Seed-mediated tuning of branch size in vertically aligned branched silver nanoplates for large-area and highly sensitive SERS substrates

Abstract

In this work, we report a solution-based, scalable, and low-cost strategy for fabricating large-area, vertically aligned branched silver nanoplates (BANs) on glass substrates (GS), addressing a key challenge in surface-enhanced Raman spectroscopy (SERS) substrate design: achieving simultaneous morphological controllability, large-area uniformity, and high signal reproducibility using simple wet-chemical routes. By tuning the concentrations of AgNO₃ and citrate ions in a seed-mediated growth process, the branch size of Ag nanoplates can be precisely controlled over a wide range (40–394 nm), enabling regulation of interbranch spacing during vertical assembly. Notably, reducing the branch size (<100 nm) leads to the formation of a high density of ultrasmall plasmonic nanogaps, resulting in enhanced plasmonic coupling and uniformly distributed SERS hot spots across large areas.
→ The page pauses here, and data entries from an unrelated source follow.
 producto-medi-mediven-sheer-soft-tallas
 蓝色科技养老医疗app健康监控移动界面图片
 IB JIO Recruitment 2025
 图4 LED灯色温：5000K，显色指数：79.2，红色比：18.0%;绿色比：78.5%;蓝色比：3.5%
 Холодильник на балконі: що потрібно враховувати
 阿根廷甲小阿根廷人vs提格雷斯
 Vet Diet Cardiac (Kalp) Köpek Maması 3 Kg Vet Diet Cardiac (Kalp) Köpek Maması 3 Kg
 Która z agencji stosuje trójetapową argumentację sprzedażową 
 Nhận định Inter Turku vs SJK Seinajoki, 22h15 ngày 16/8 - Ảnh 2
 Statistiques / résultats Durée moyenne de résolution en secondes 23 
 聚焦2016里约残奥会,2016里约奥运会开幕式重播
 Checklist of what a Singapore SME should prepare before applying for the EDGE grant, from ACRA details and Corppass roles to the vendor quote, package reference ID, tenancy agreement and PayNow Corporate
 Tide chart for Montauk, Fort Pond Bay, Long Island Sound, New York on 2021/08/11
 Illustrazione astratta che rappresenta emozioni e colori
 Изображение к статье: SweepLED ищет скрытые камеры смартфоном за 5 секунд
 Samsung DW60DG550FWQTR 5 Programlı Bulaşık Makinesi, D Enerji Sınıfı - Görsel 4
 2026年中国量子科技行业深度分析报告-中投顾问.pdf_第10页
Benefiting from this tunable hierarchical architecture, the optimized GS–BAN substrate exhibits a high analytical enhancement factor (AEF) of 7.7 × 10⁸ and an ultralow detection limit of 10⁻¹¹ M for rhodamine 6G (R6G), along with excellent signal reproducibility, as evidenced by a relative standard deviation (RSD) of 6.82%. These results demonstrate that branch-size engineering effectively overcomes uniformity and scalability limitations, while enhancing hot-spot density and analytical sensitivity, enabling reliable and large-area SERS platforms without complex fabrication processes.